New figures show
Facebook paid £4.16m in UK corporation tax last year, new accounts have shown.
In 2014, Facebook paid £4,327 paid in 2014.
The social media giant posted taxable profit for the year to 31 December of about £20m, on which it paid tax at the standard corporation tax rate.
Professor Crawford Spence said: “Facebook’s recent announcement of a £4.1m tax charge is not actually a reflection of what tax the company will pay.
“Due to complex share accounting rules, Facebook has been able to cancel out this tax charge completely, as well as insulate itself from approximately £11 million of future tax bills.

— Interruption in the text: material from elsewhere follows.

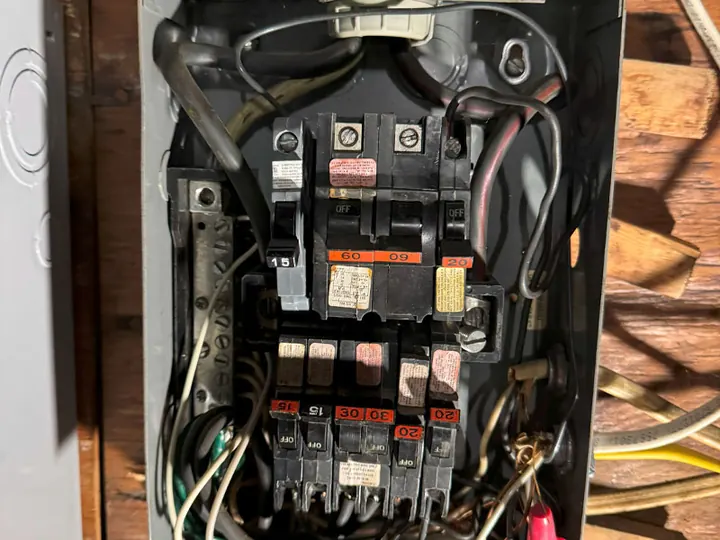 LAX meter and panel installation, project 4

“As creative as this appears and is, it is however within the confines of the law. What is more worrying from a public interest perspective is the lack of transparency over UK company profits in general.
“Being registered in Delaware in the US, the company does not have to report its revenues for the UK separately. However, we do know that the company’s tax strategy is based on the UK being much less profitable than operations in other countries.
“It is very unclear why this would be the case given the relative homogeneity of the company globally. However, without separate detailed accounting information on the UK operations, we cannot really assess whether this is plausible or just superficial profit shifting.
“The UK government should follow OECD guidance and demand that multi-nationals implement ‘country by country reporting’ for tax purposes.”